RECORD EXTRACTS:
- Opening Delimiter -

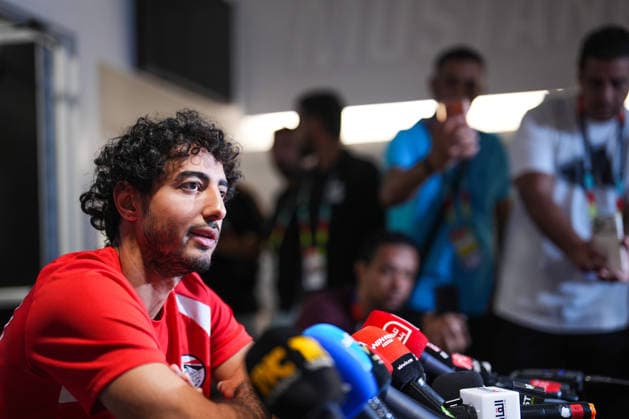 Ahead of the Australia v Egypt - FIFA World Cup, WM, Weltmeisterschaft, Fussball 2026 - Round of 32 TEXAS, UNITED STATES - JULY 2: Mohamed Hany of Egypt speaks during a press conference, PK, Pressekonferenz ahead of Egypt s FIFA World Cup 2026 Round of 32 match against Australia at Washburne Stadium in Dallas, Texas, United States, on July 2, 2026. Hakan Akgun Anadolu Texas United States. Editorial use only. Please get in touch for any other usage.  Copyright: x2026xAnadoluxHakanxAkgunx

- Closing Delimiter -
- Opening Delimiter -

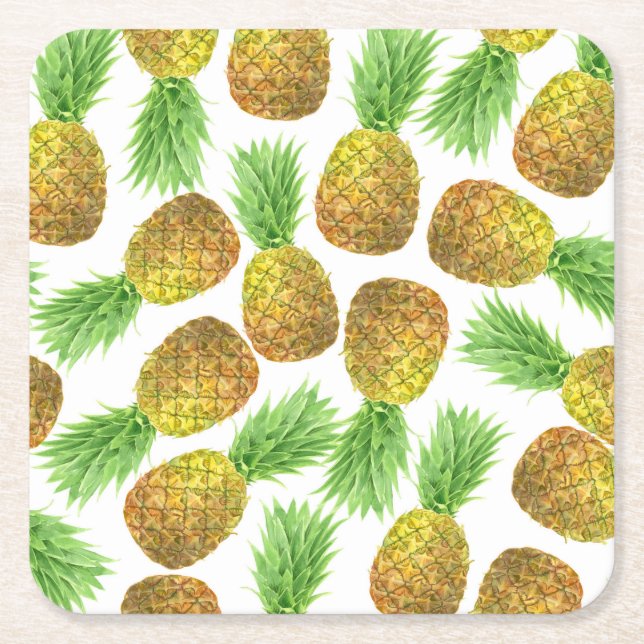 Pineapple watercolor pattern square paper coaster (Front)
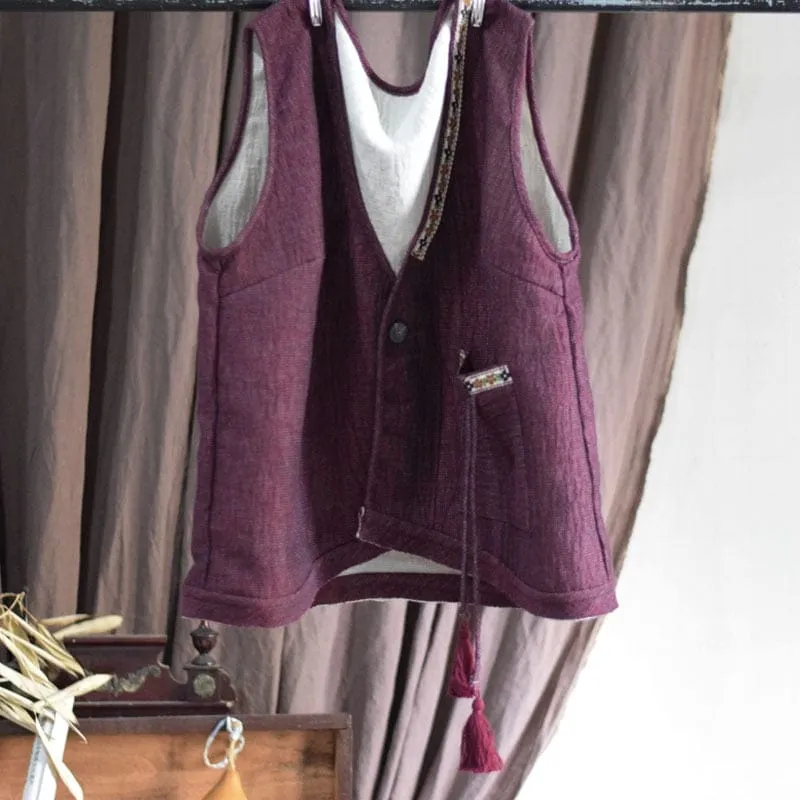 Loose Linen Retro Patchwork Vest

- Closing Delimiter -

ACTIVITY: The answer is the lines of the material above, from the one containing "Pineapple watercolor pattern" down to the one containing "Loose Linen Retro Patchwork Vest", given exactly and without images.

SOLUTION TO THIS PROBLEM:
 Pineapple watercolor pattern square paper coaster (Front)
 Loose Linen Retro Patchwork Vest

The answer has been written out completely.